В конце марта Китти обнаружила, что беременна, а к началу июня я ее потерял. Наша общая жизнь раскололась надвое за несколько недель, и когда я наконец понял, что утрата неизбежна, у меня словно сердце вырвали из груди. До этого мы с Китти жили в полной гармонии, и чем дольше так было, тем меньше верилось, что у нас могут возникнуть конфликты. Может, если бы отношения между нами были менее идиллическими, если бы мы часто ссорились и швыряли друг в друга тарелки, то лучше были бы готовы к решению жизненных проблем. А вышло так, что беременность Китти обрушилась пушечным ядром в нашу тихую заводь, и не успели мы опомниться, как наша лодка потонула, а мы очутились по горло в воде.

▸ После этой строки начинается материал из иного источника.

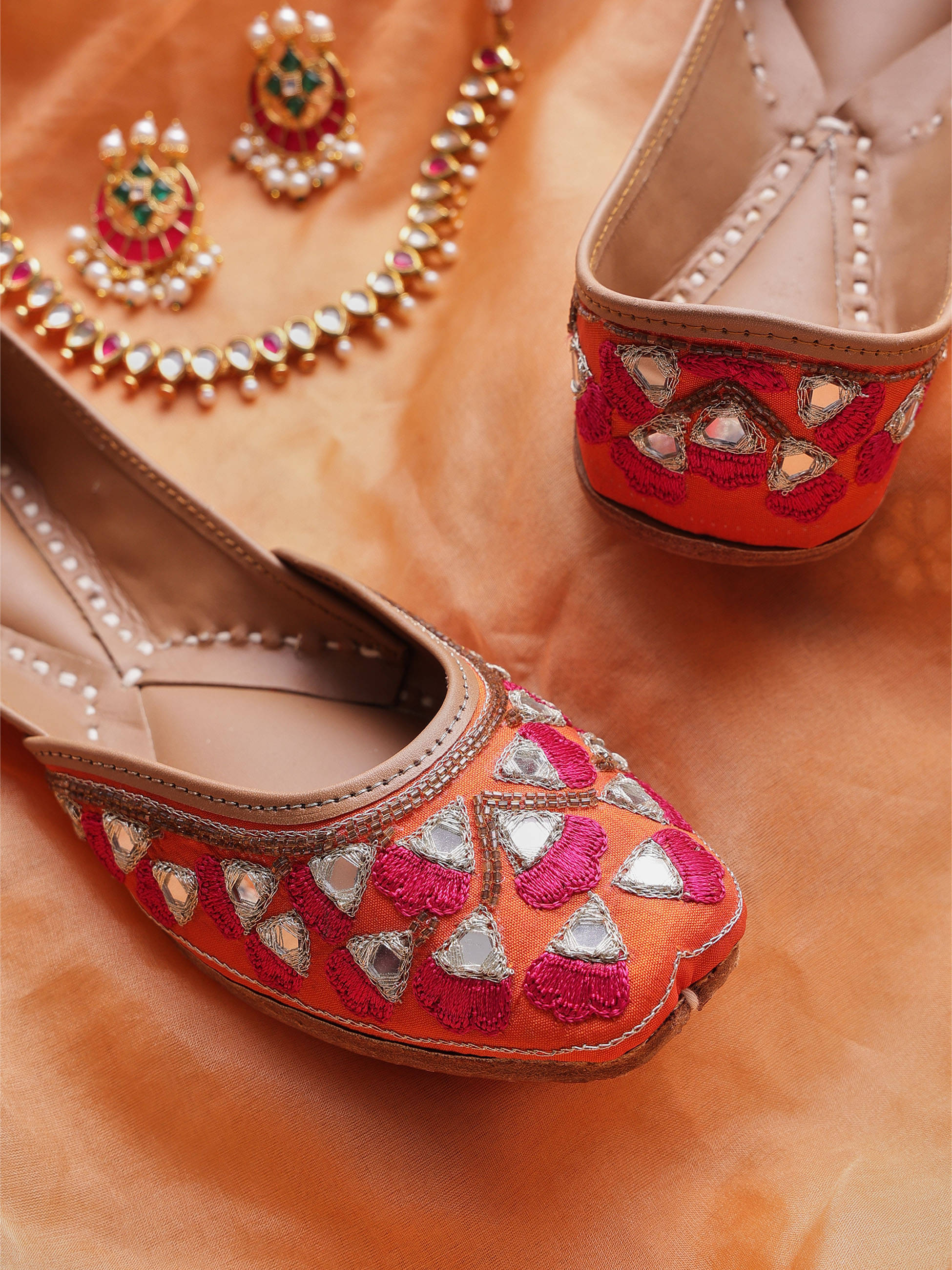 LABEL SHONA ROHATGI GARG Orange Women's Mojaris LABEL SHONA ROHATGI GARG Orange Women's Mojaris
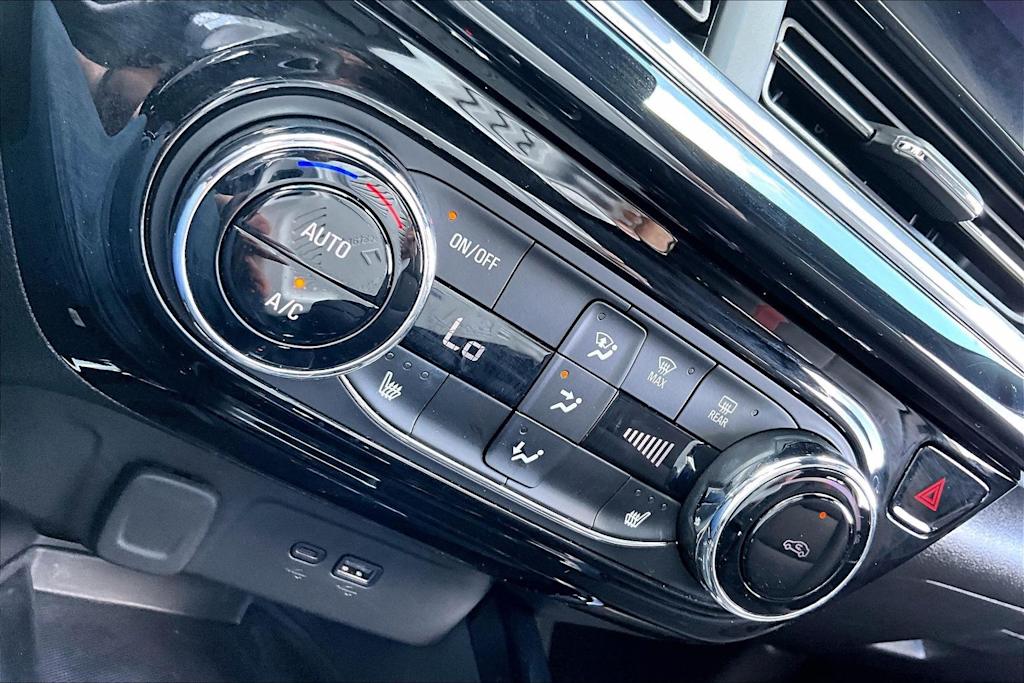 Thumbnail: 2025 Chevrolet Trax - 26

Нет, мы не перестали любить друг друга. Даже когда мы спорили до слез, с особенным упорством отстаивая свое мнение, мы никогда не допускали, что наши чувства изменились. Просто теперь мы говорили на разных языках. По мнению Китти, в любви должно быть только двое. Ребенку в ней места нет, а значит, все решают исключительно наши желания. Хотя именно Китти носила в себе ребенка, он был для нее просто абстракцией, гипотезой будущей жизни, а не человечком, который уже живет. Пока он не родился, он для нее не существовал. Я же считал, что ребенок стал жить с нами, как только Китти сообщила мне о своей беременности. Даже если он не больше мизинца, это уже реальный человек. Решение об аборте, по моим представлениям, будет равносильно убийству.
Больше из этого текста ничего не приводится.